#### Dataset excerpt
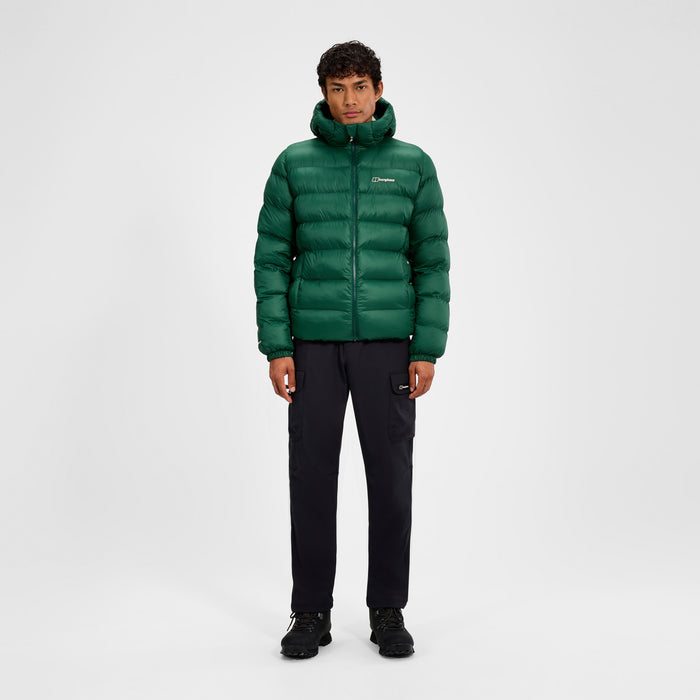 Men's Ewden Jacket - Green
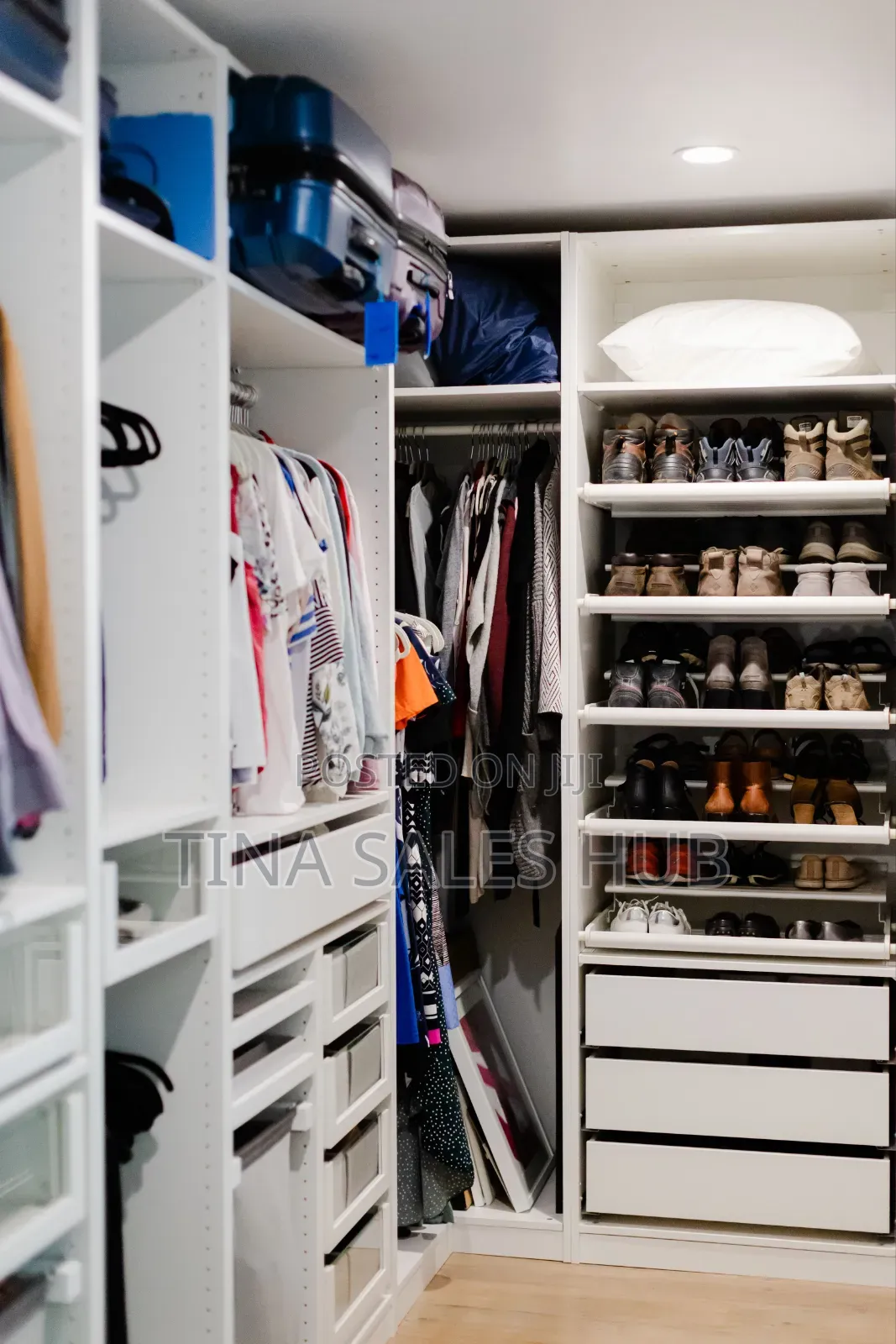 Closet Organizer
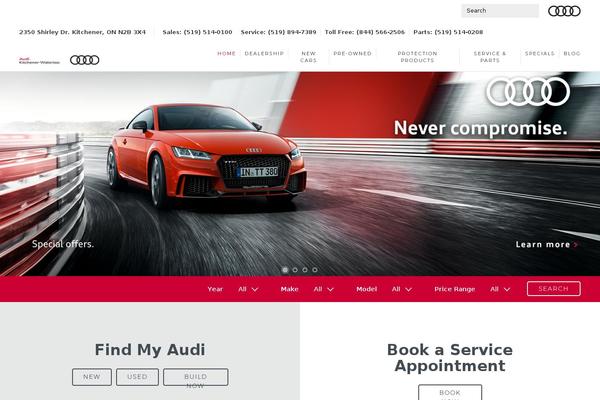 Ed-template-6 theme site design template sample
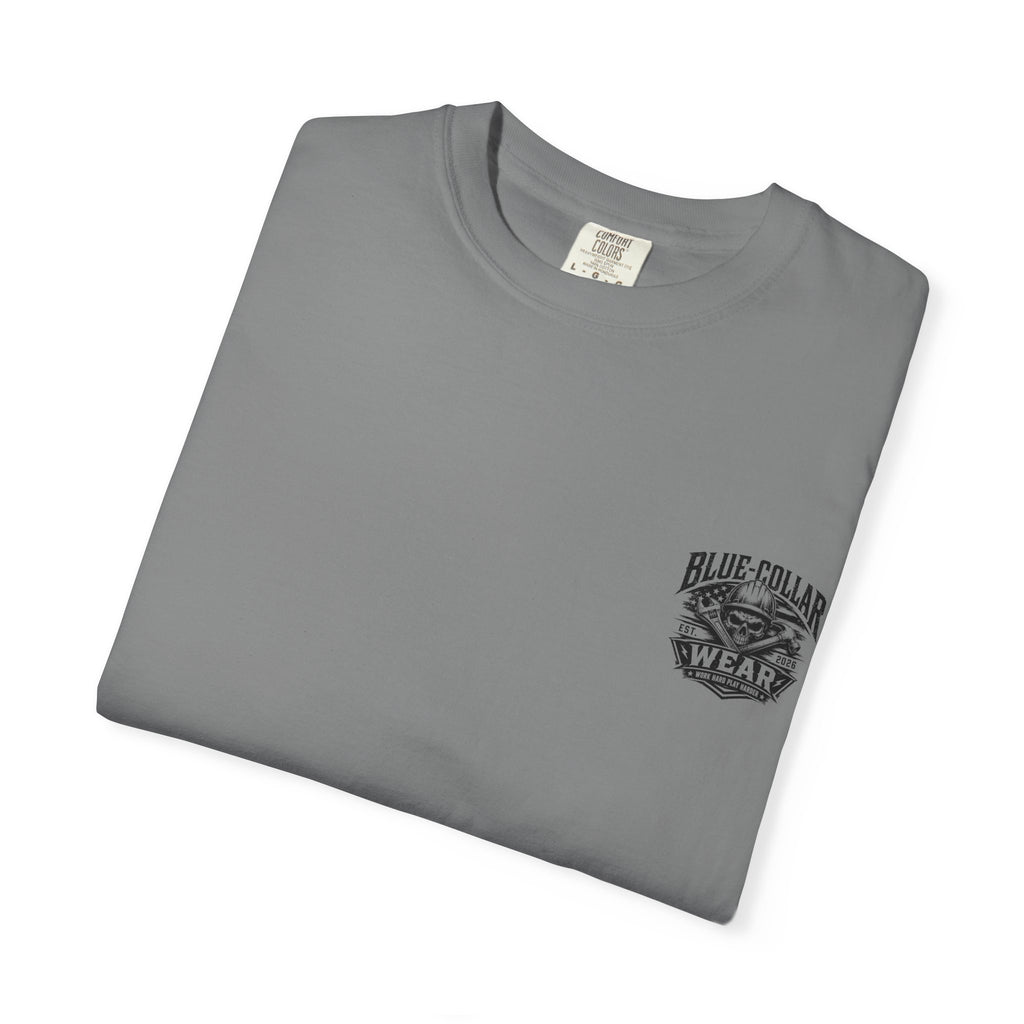 Looks Good From My House T-Shirt — Funny Homebody Graphic Tee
########
Without the pictures, repeat exactly the lines running from the line containing "Closet Organizer" through the end of the data, both ends included.

§ Output of the task:
 Closet Organizer
 Ed-template-6 theme site design template sample
 Looks Good From My House T-Shirt — Funny Homebody Graphic Tee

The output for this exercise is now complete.